I suspect this is the type of tendency which goes away with experience, but it makes git a lot less useful. My commits won't really tell you what changed; the most they can tell you is the primary change I was working on.

Many of us do that, and it's not just a new developer thing. Git actually enables this, because you get to pick and choose what to add to the index (`git add`) before committing. So that little tweak you made in the unrelated function? -- no problem, just `git add` that later, and commit it under a different message. Not all SCM tools give you that kind of flexibility.

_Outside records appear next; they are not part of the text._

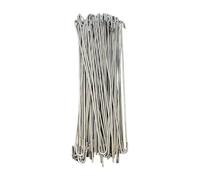 Metal Wire Ties Chain Link Fence Parts - Reliable Performance In Demanding Outdoor Environments | Stainless Steel Zip Ties 100 Pieces Rustproof Weatherproof Adjustable | For Residential Farmhouse Gard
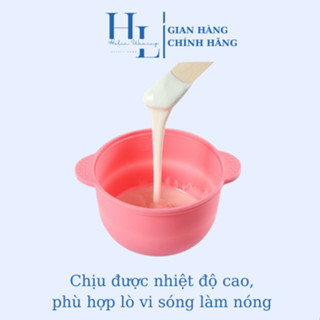[CHE TÊN] Chén Silicone Nấu Sáp Wax Lông Chống Dính HOLIN WAXING, Dễ Dàng Làm Sạch, Chịu Nhiệt Cao 1015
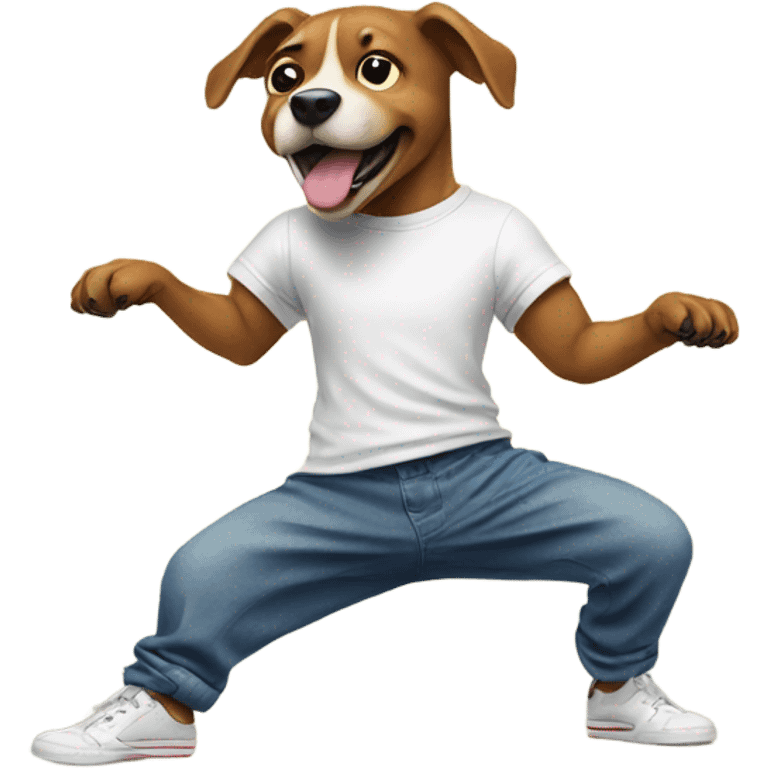 Dog break dancing  emoji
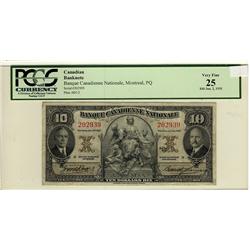 La Banque Canadienne Nationale, 1935 $10 #202939, CH-85-14-04, PCGS VF25
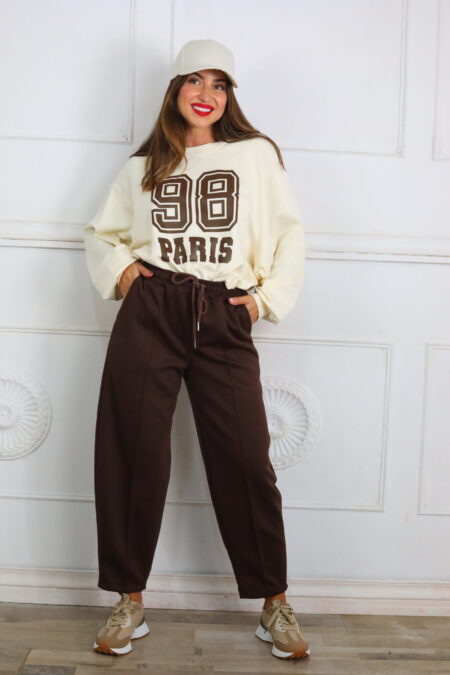 Pantalon Algodón Sport - Única, Marrón oscuro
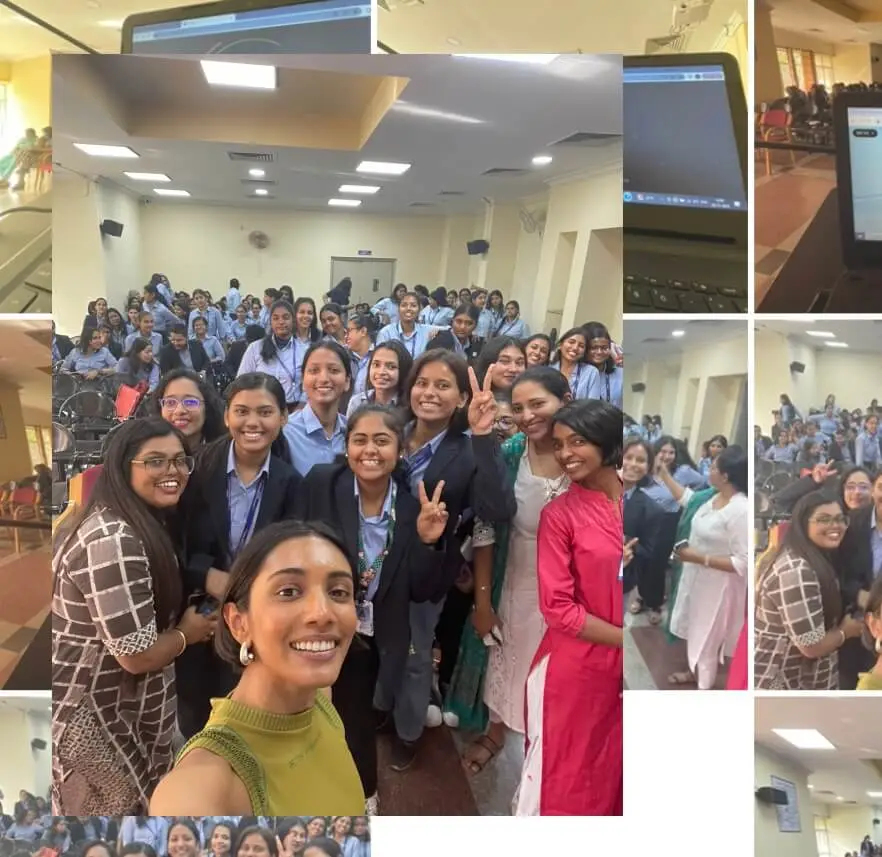 A collection of images taken with the undergraduate students at the Army Institute of Fashion Design in Bangalore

On the other hand, there's a diminishing return to placing every tiny change into a separate commit. Commit messages like "Fixed multiple small things" might make some people clutch their pearls, but sometimes you just need to get shit done and move on to solving bigger problems.

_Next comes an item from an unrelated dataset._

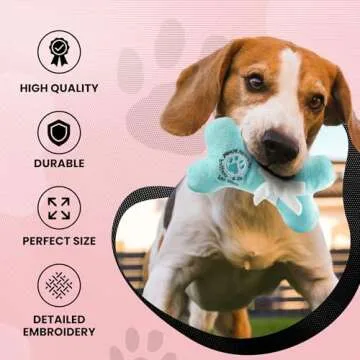 Dog Diggin Designs Squeaky Plush Dog Toys for Stylish Pups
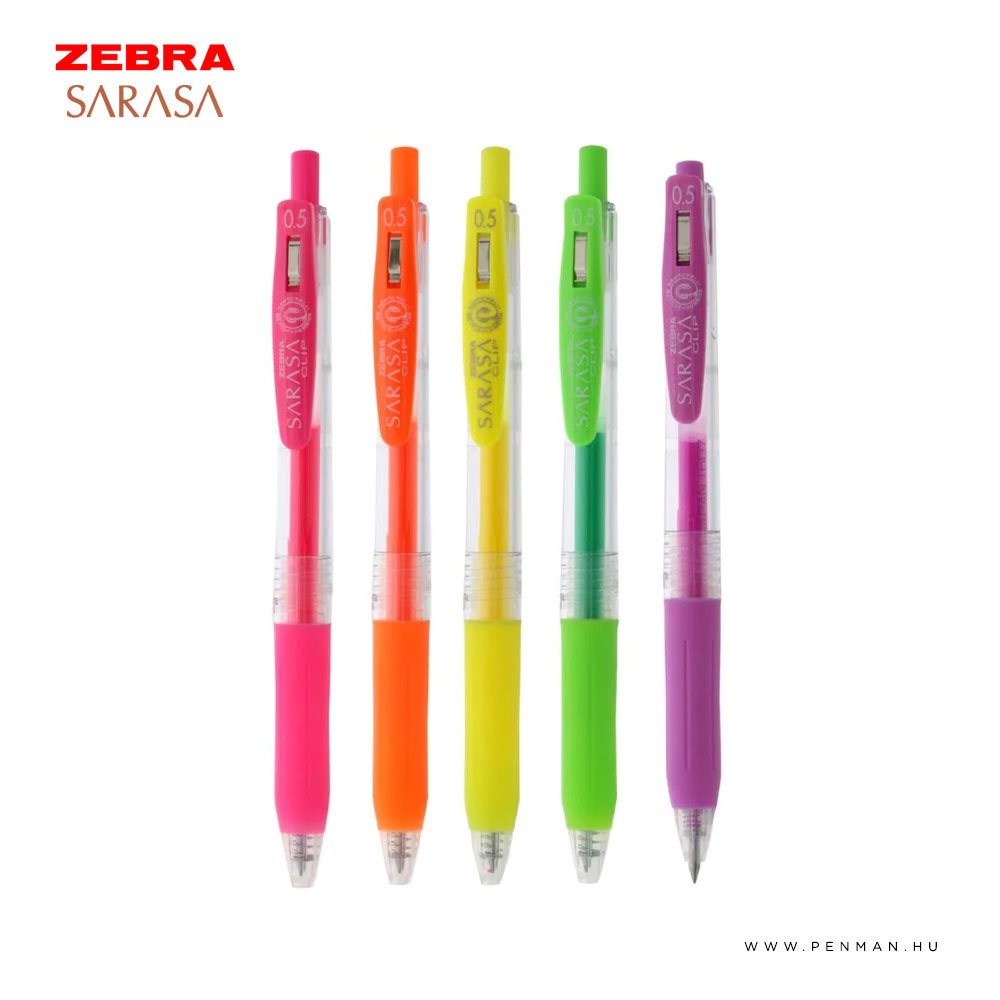 zebra sarasa 05 neon color 5set 012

My suggestion is to consider breaking your commit into two: one for "fixed this big issue that everyone cares about", and one for "a bunch of tiny cleanup stuff that I happened to notice." (Maybe call that second one "refactoring" -- it will go over better with your audience.)

> Git actually enables this, because you get to pick and choose what to add to the index (`git add`) before committing.

That assumes the changes are in separate files though, right? I know you can do use the "-i" flag, but it's fairly labor intensive.

That kind of depends on your tooling. e.g., I use Magit (an Emacs front-end for git) which makes interactive mode really, really easy.

(But easy or not, other version control systems such as Subversion don't offer the feature at all. We kind of take Git for granted these days, but it wasn't always like that.)

A lighter weight option is the --patch flag to 'git add' and 'git commit'.
Personally I have gotten used to using `git commit --patch` for everything (even if I only have one change) just as a convenient way of reviewing the changes I am about to commit. With that, only committing part of the changes is no additional effort.
Look at `git add -i`. You can commit just part of a change to a file. So if you notice a small problem and already have a bunch of changes made, you can still make those changes, and commit them separately.

Up to you if you wanted to rebase those changes back onto main.

I don't use it often and find it's kind of painful to use, but if you're in the position where you've already saved two different things in your IDE and need to pull them apart for commit, it's a useful tool.

Have you tried using 'git commit --patch'? It makes it easy to separate out unrelated changes when committing. You can precede it with an invocation of 'git reset $HASH' to restructure your last few commits.

In general, more experienced git users aren't actually working on one commit at a time. They're just comfortable enough with editing history to make it look that way.

That is what OP was talking about: after you've done the change, make a commit with just that tiny refactoring. Once you're done and ready to review your work, you can cherry pick just that fix and move it to main / master / it's own PR. Since it is self-contained, it can be processed by itself only.
`git add -p` will take you through all the changes in your files, and let you add them selectively. I find this makes for much cleaner commits.
With the add command's interactive mode, it is often possible to selectively stage and commit individual patches in a file.

https://git-scm.com/book/en/v2/Git-Tools-Interactive-Staging

> We're helping the future reader who's reading the history because they want to understand why a change was made...

"Change" is a subject to interpretation. Most of the time it's the scope that the change belongs to is what has the meaningful value.

Say, changes made in connection to fixing an issue are logically tied for inclusion as well as for potential unwinding.

Some tangent changes technically should not be casually folded in, just in case this changeset will need to be propagated or rolled back.

Thus this elaborate muli-staged commit management in Git.

Many projects don't have such need to manange the change flow, so Version control is used as a kind of undo buffer. Which is fine, in such cases the meaning is tied to release states.

If anything, it makes more practical sense to preserve only commits with a buildable state, not just some transitional changes.